Saved data entries
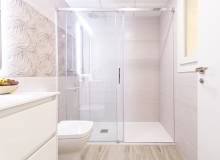 Nueva construcción  - Town House - La Manga del Mar Menor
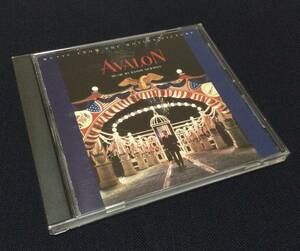 即決 CD わが心のボルチモア オリジナル・サウンドトラック 国内盤 ランディ・ニューマン RANDY NEWMAN バリー・レビンソン監督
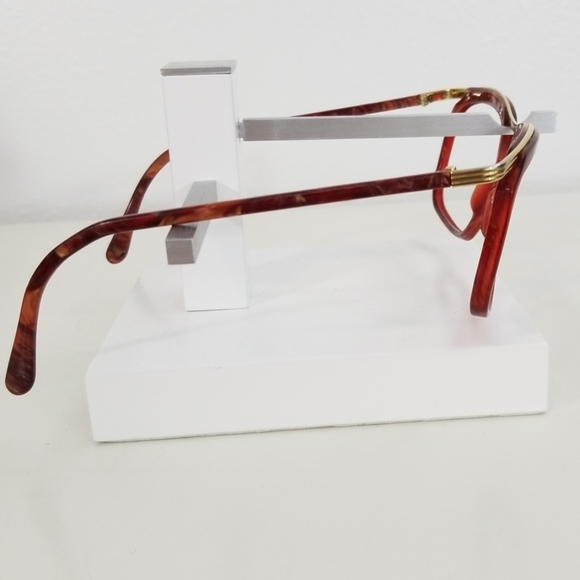 YVES ST LAURENT Vintage 90's Eyeglass Frames RX - Picture 3 of 7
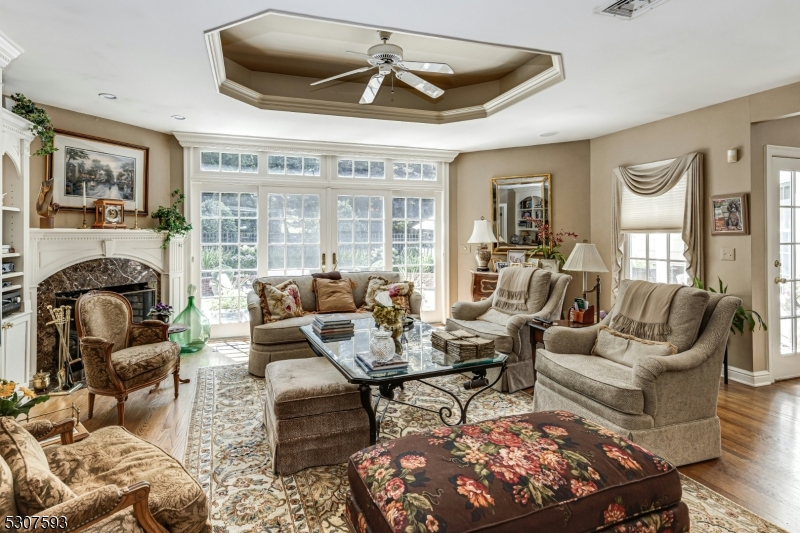 Mountainside - Residential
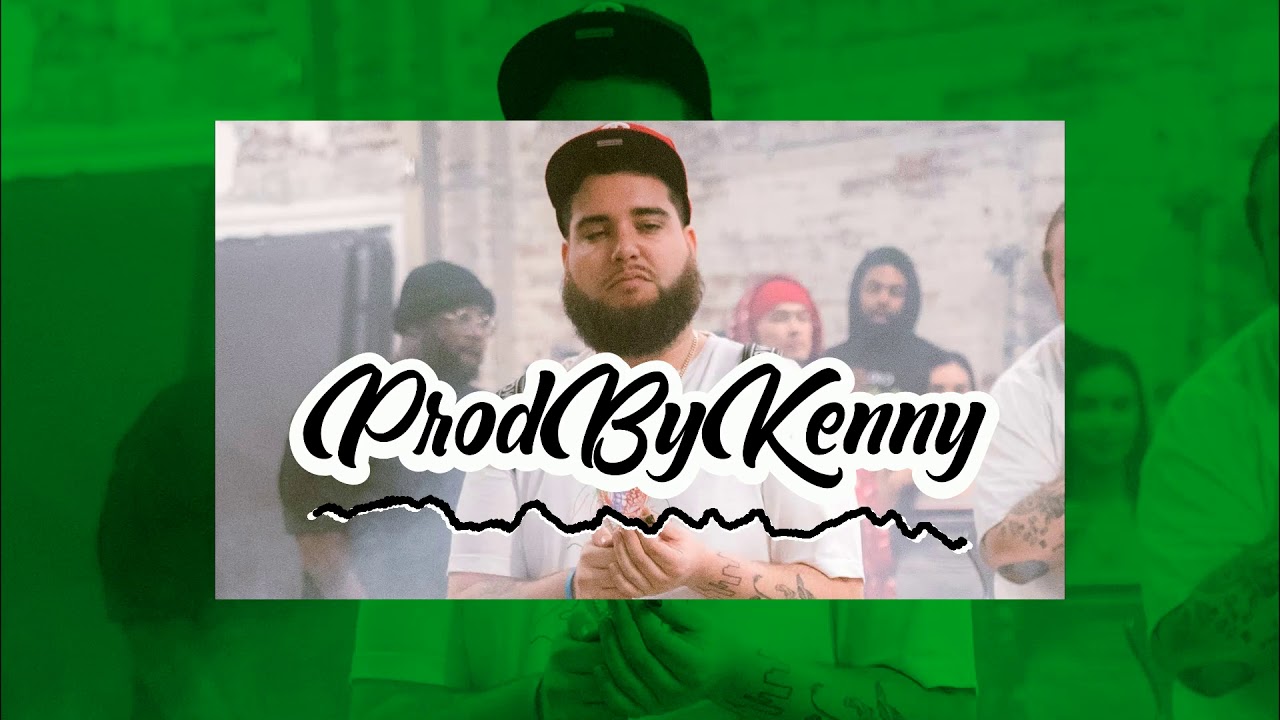 [FREE] White John Type Beat "Demon Time" (ProdByKenny)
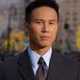 B. D. Wong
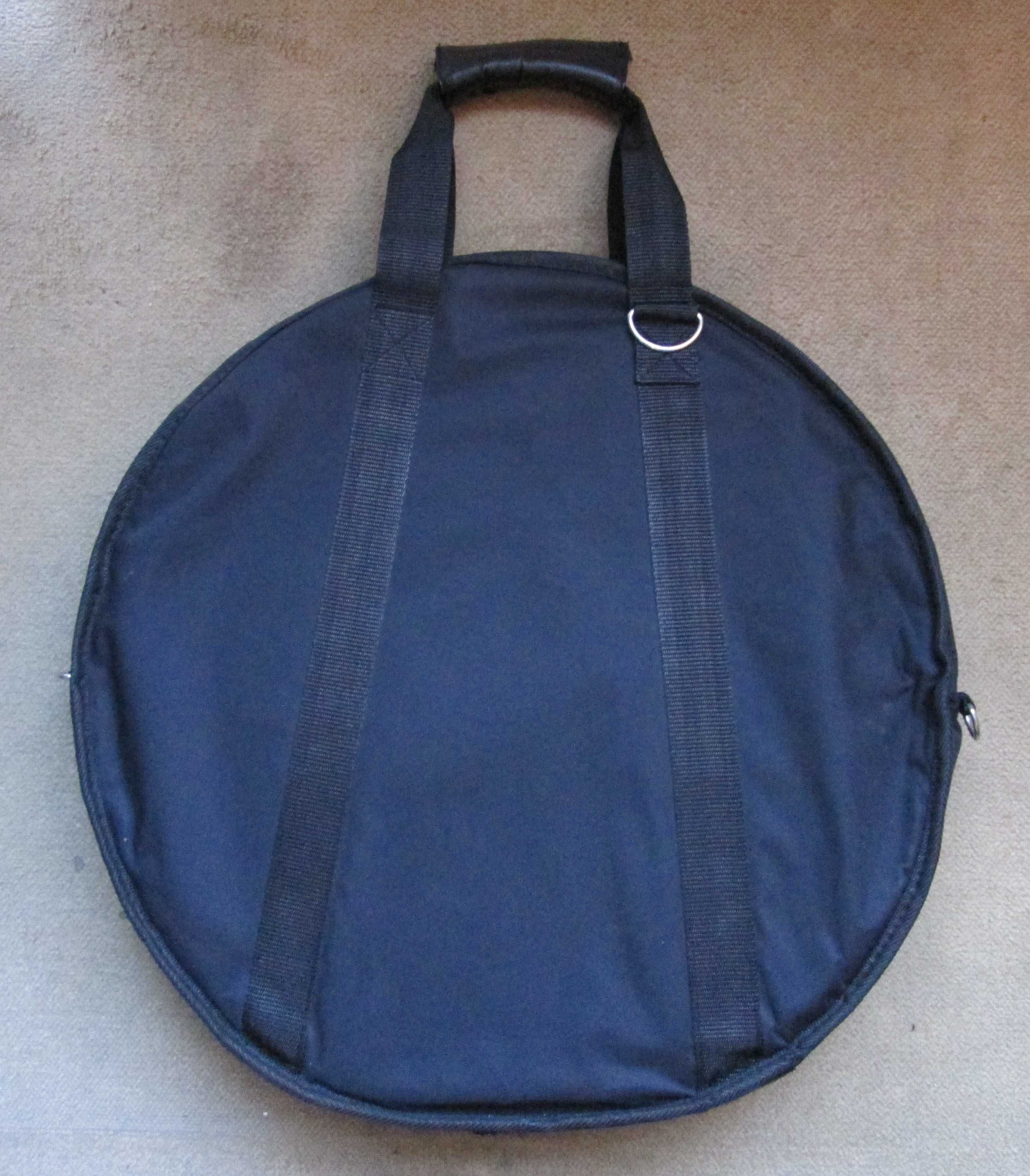 Saco Groove para pratos de 20"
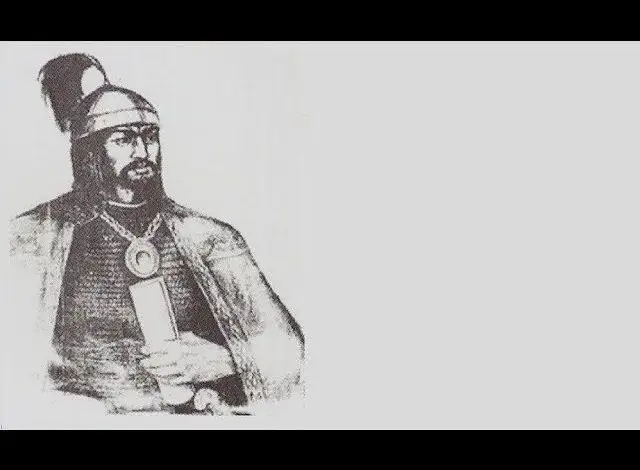 پەندە ماحامبەت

▸ **DIRECTIONS**: Could you write out all the records exactly, without the pictures?

▸ **OUTPUT OF THE TASK**:
 Nueva construcción  - Town House - La Manga del Mar Menor
 即決 CD わが心のボルチモア オリジナル・サウンドトラック 国内盤 ランディ・ニューマン RANDY NEWMAN バリー・レビンソン監督
 YVES ST LAURENT Vintage 90's Eyeglass Frames RX - Picture 3 of 7
 Mountainside - Residential
 [FREE] White John Type Beat "Demon Time" (ProdByKenny)
 B. D. Wong
 Saco Groove para pratos de 20"
 پەندە ماحامبەت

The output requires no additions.